When I wrote a research note entitled "Latency Matters!" in 2002, I was primarily reacting to the tendency of computer system vendors to highlight how much data they could move around rather than how quickly that data could get from point A to point B. This made comparing server designs--one of my main areas of focus at the time--difficult given that the speed, rather than the amount, of data movement within and between various subsystems was often the more important metric. As I wrote:
Latency is the time that elapses between a request for data and its delivery. It is the sum of the delays each component adds in processing a request. Since it applies to every byte or packet that travels through a system, latency is at least as important as bandwidth, a much-quoted spec whose importance is overrated. High bandwidth just means having a wide, smooth road instead of a bumpy country lane. Latency is the difference between driving it in an old pickup or a Formula One racer.
More recently though, I've seen some great examples that highlight just how important small latency differences are in applications that go well beyond single systems or small clusters. Perhaps unsurprisingly, the financial services industry is driving a lot of this low-latency activity given that trading is all about getting as close to instantaneous as possible.
(I leave the economic and policy aspects of high-speed trading to others. I'd note though that the same page of The Wall Street Journal (PDF) that covers Hibernia Atlantic's announcement also discusses the "flash crash" report.)
One example is the prominence of financial firms like Credit Suisse and JP Morgan Chase in the Advanced Message Queueing Protocol (AMQP) working group. AMQP specifically is being driven by the desire for "open standards efforts between companies to automate electronic transactions are often hindered by the need to incorporate proprietary solutions at the messaging layers of such protocol stacks."
It's also extremely high-performance with native RDMA (Remote Direct Memory Access) Infiniband support, which lets it achieve extremely low end-to-end latencies in the microsecond range. This sort of extremely low latency within a data center was historically associated with smaller complexes of systems and simpler protocols. InfiniBand also continues to be widely used for certain types of high performance computing grids.
However, perhaps the most striking example of the importance of latency even across long distances comes by way of Hibernia Atlantic's announcement on September 30 that they are planning to build the lowest latency cable from New York to London to offer high frequency traders 60 millisecond latencies, which will be the fastest link across the Atlantic.
The first phase of Project Express will begin with a new cable from the county of Somerset in the U.K., to Halifax in Canada where it will then connect to Hibernia's current low latency cable from Halifax to New York. In addition, the new system will include branching units for future latency enhancements to the U.S. and Continental Europe. This work is projected to be completed by the summer of 2012.
Nate Anderson at Ars Technica notes that "operators can plan their geographic routes strategically to keep the total cable length a bit shorter than the competition. According to the consultants at Telegeography, breaking 60ms would make Project Express at least 5ms faster than its closest competitor."

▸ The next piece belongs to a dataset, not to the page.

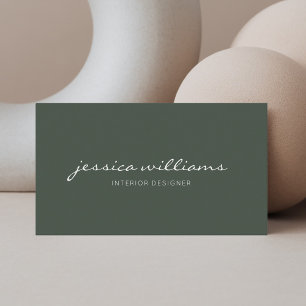 Minimalist Modern Handwritten Professional Green Business Card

The driving factor here is that, as described by Doug Cameron and Jacob Bunge in the Journal, there's "intense competition to harvest profits from often tiny movements in the price of securities and derivatives." This new transatlantic cable offers a window into how this sort of arbitrage is increasingly global, rather than regional, in scope and is limited only by technology and the laws of physics.
The first transatlantic fiber optic cable in a decade for the purpose of shaving 5 milliseconds off transaction times. Latency very much still matters. Perhaps more than ever.